All Products
Search
Document Center

Perform joint query on multiple MySQL instances in DLA

Last Updated: May 23, 2019

Background

Data Lake Analytics (DLA) serves as the hub for in-cloud data processing. It allows you to query and analyze the data in a single ApsaraDB for RDS (RDS), Table Store, OSS, ApsaraDB for MongoDB (MongoDB), or ApsaraDB for Redis (Redis) instance through standard Java Database Connectivity (JDBC). To support business growth or data sharding, you may need to create multiple instances of RDS, Table Store, OSS, or other types to store data. In such multi-data source scenarios, you can use DLA to perform joint queries in multiple data sources of the same type.

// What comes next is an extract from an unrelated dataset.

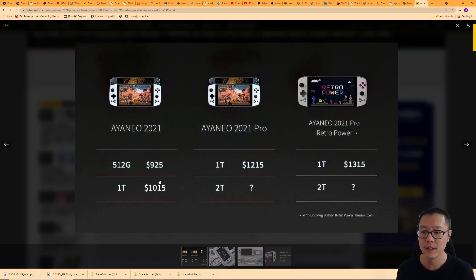The Steam Deck costs $649 and the Aya Neo is $925, so about $300 more. Some of that can be explained by the fact that Valve runs the Steam Store, so they're going to get money back from software sales, and also the fact that Valve is a much bigger company and they're going to make a lot more units of the Steam Deck.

This topic takes two ApsaraDB RDS for MySQL (MySQL) instances as an example to demonstrate how to use DLA to perform joint queries in multiple database instances.

Prerequisites

Test data is ready in the MySQL instances. If not, follow these steps to insert test data into the MySQL instances:

  1. Create two MySQL instances.

    DLA and the two MySQL instances must be in the same region. Otherwise, the operations described in this topic are not allowed.

    DLA connects to a MySQL instance over the VPC of the MySQL instance. Therefore, we recommend that you select VPC as the network type when creating the MySQL instances. In addition, you can change the network type of the MySQL instances from classic network to VPC by following the instructions provided in Set the network type.

  2. Configure a whitelist.

  3. Connect to the instance.

  4. Insert test data.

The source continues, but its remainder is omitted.